The heart of kif looks like this:

LOCAL_CHECKSUM=$(gpg --encrypt --recipient "${KIF_GPGKEY}" -o - ${FILENAME} |\
gzip |\
tee >(
  ssh ${KIF_HOST} "cat > ${REMOTE_PATH}"
) | shasum -a 256 | awk '{print $1}')

What the hell is going on here?! Let's break it down line by line (or pipe by pipe...).

gpg --encrypt --recipient "${KIF_GPGKEY}" -o - ${FILENAME}

Pretty simple, the file ${FILENAME} is encrypted with gpg using whatever key is named in ${KIF_GPGKEY}. The option -o - means our encrypted data is streamed out instead of written to a file.


The stream is compressed.

tee >(ssh ${KIF_HOST} "cat > ${REMOTE_PATH}")

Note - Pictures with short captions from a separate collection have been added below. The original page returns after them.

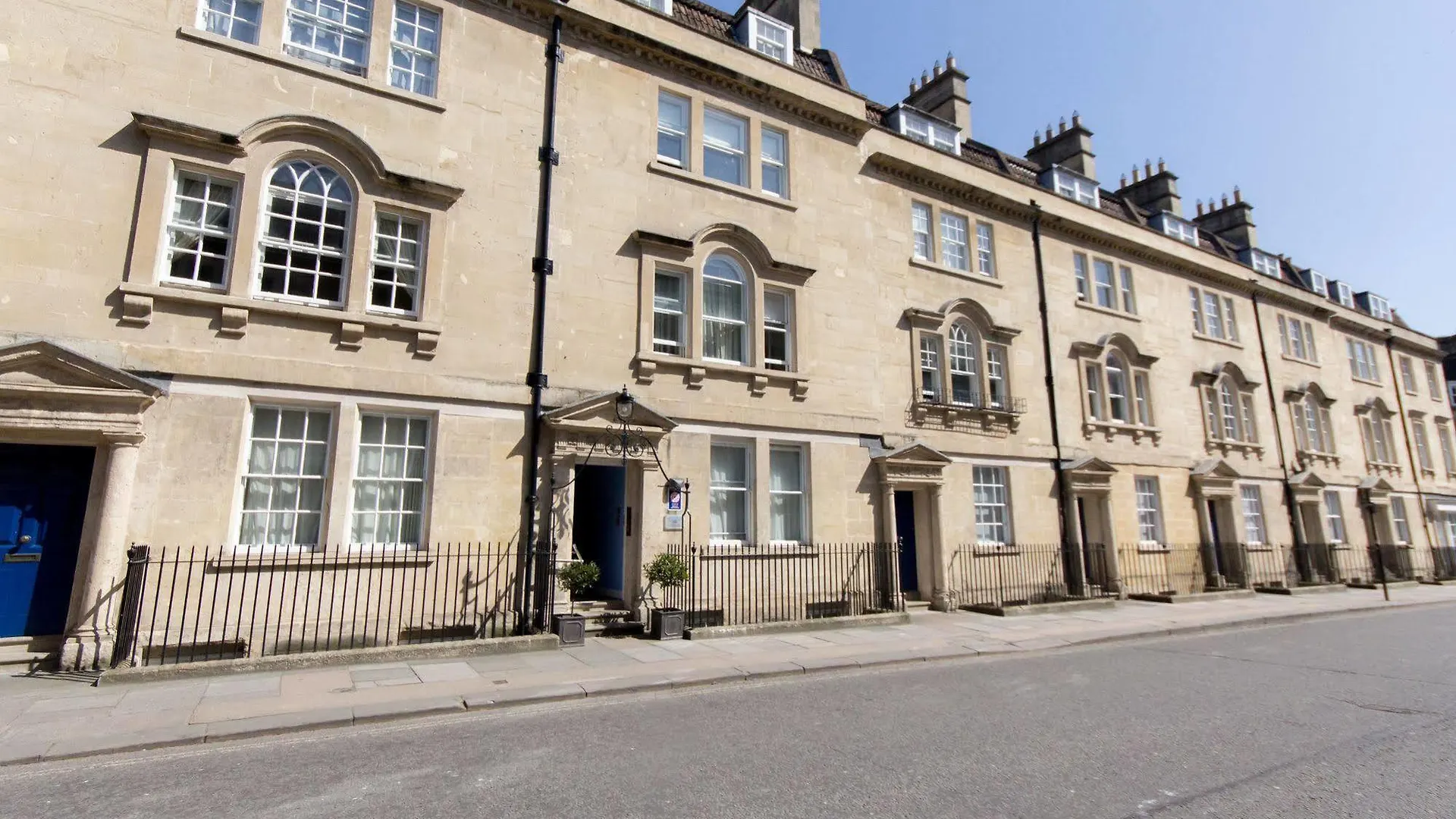 Saco Bath - St James Parade 4*,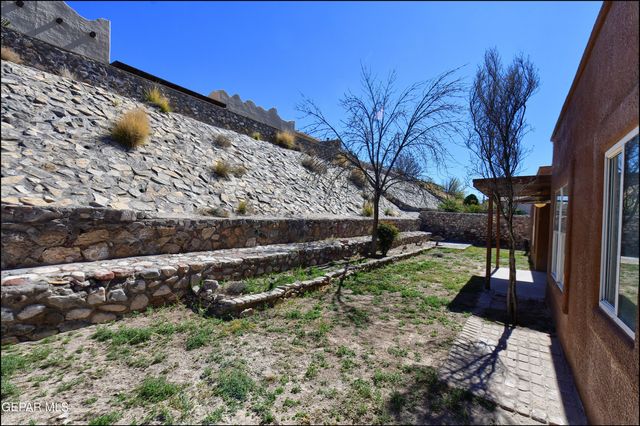 1424 RAINBOW RIDGE Drive, El Paso, TX 79912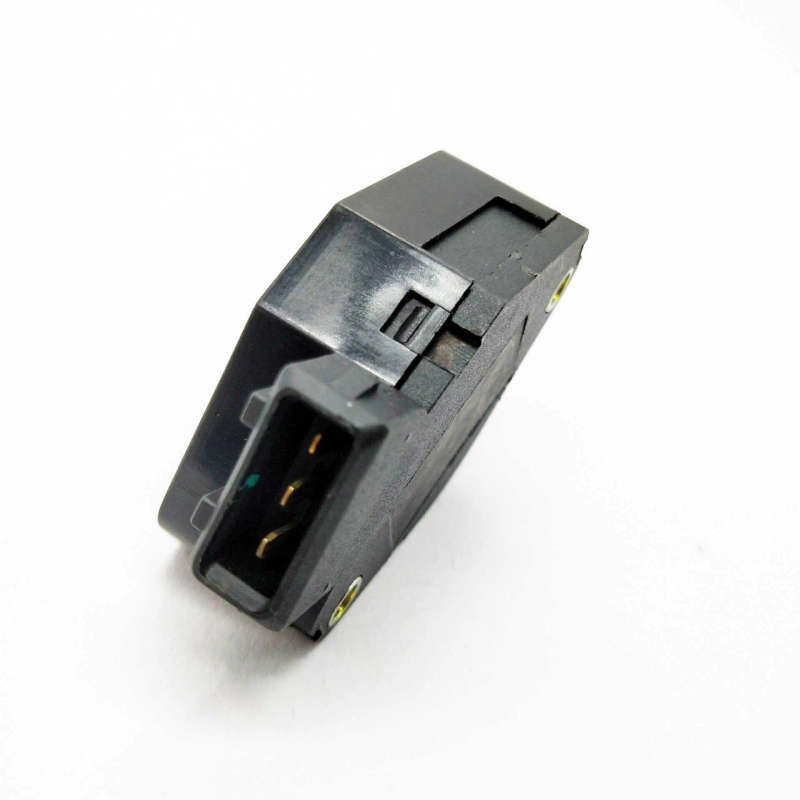 Throttle Position Sensor For VW JETTA Cabrio GOLF III 2.0 GT I 16V PASSAT1.6 CABRIO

Now comes the tricky part. tee is a shell command which splits streams — whatever goes in is split and streamed to its arguments. Here that's >(ssh ${KIF_HOST} "cat > ${REMOTE_PATH}"), which is a secondary inline bash script.

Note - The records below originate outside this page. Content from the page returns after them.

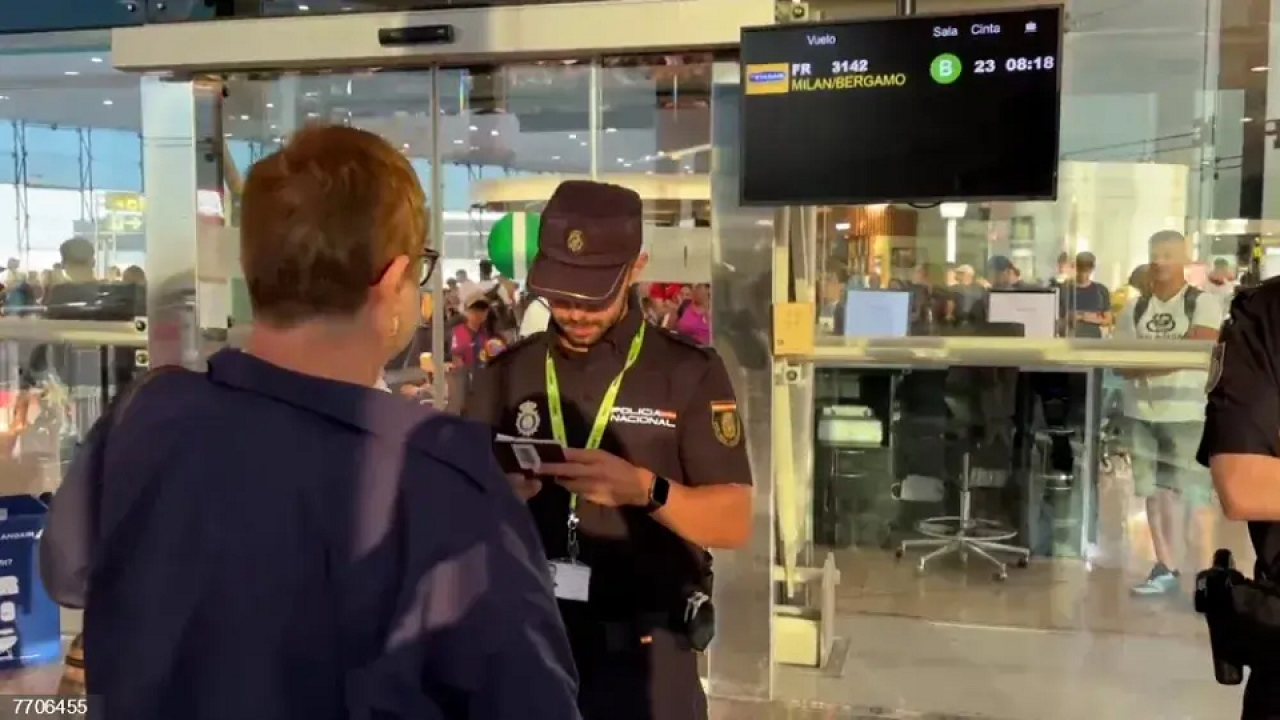 Controles en el aeropuerto de Barajas.
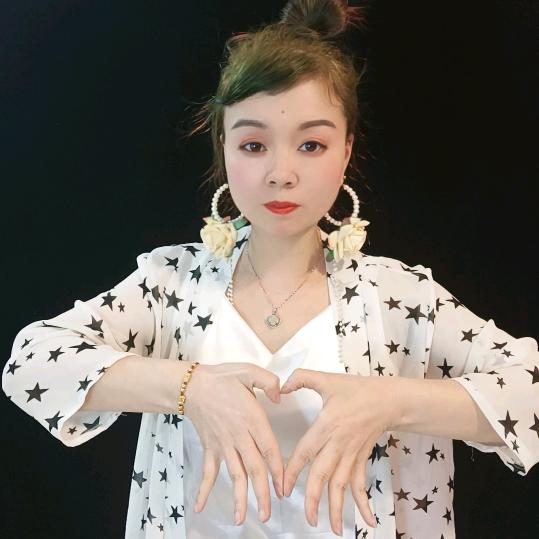 晓钰手舞
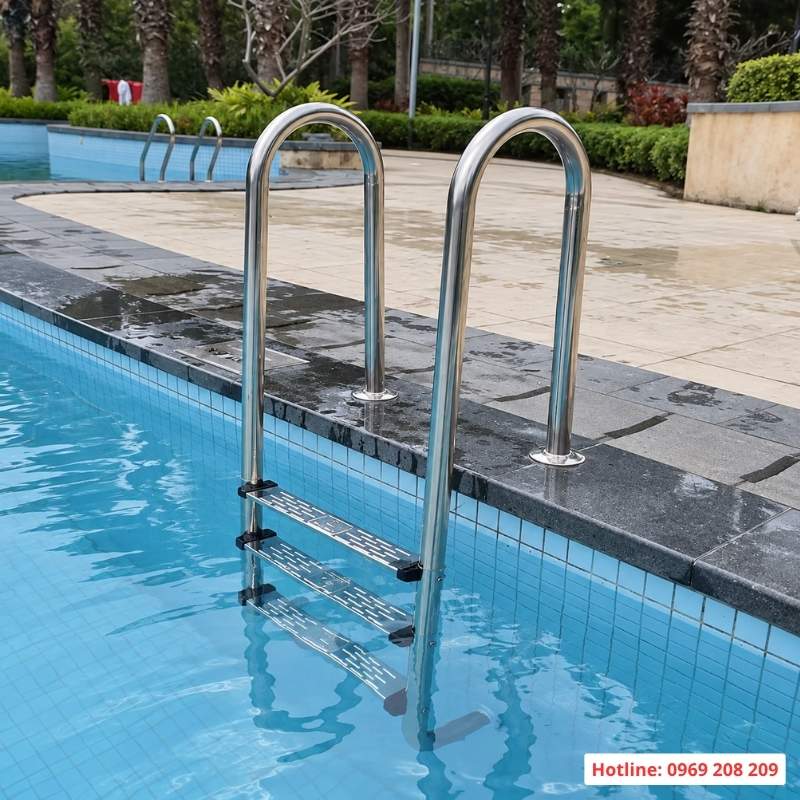 Thang bể bơi 3 bậc MU315 Thang bể bơi MU315 3 bậc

ssh ${KIF_HOST} "cat > ${REMOTE_PATH}"

This does the actual uploading. The encrypted and compressed data is streamed into ssh, which cats the data to a file. You can try this yourself!

$ echo "Hello world." | ssh server "cat > ~/hello"
$ ssh server "cat ~/hello"
Hello world.

The rest is pretty straight forward. The output of tee (exactly the same as what went in) is piped to

shasum -a 256 | awk '{print $1}'

So in conclusion, we have:

  1. Our input file is encrypted.
  2. A stream of this encrypted data is compressed.
  3. The data is streamed to a remote server and saved to a file.
  4. The shasum of the streamed data is found and store in a variable.

Since it's all done with streaming, the local disk isn't touched. Great!

Kif uses the shasum to check that the ssh upload was successful.

We can also do the reverse operation, although it's much simpler because we have no need for the checksum:

ssh ${KIF_HOST} "cat ${KIF_LOCATION}/store/${HASH}" | gzip -d -c | gpg --decrypt > ${FILENAME}

I have tested this method with files up to 250MB and haven't experienced any problems.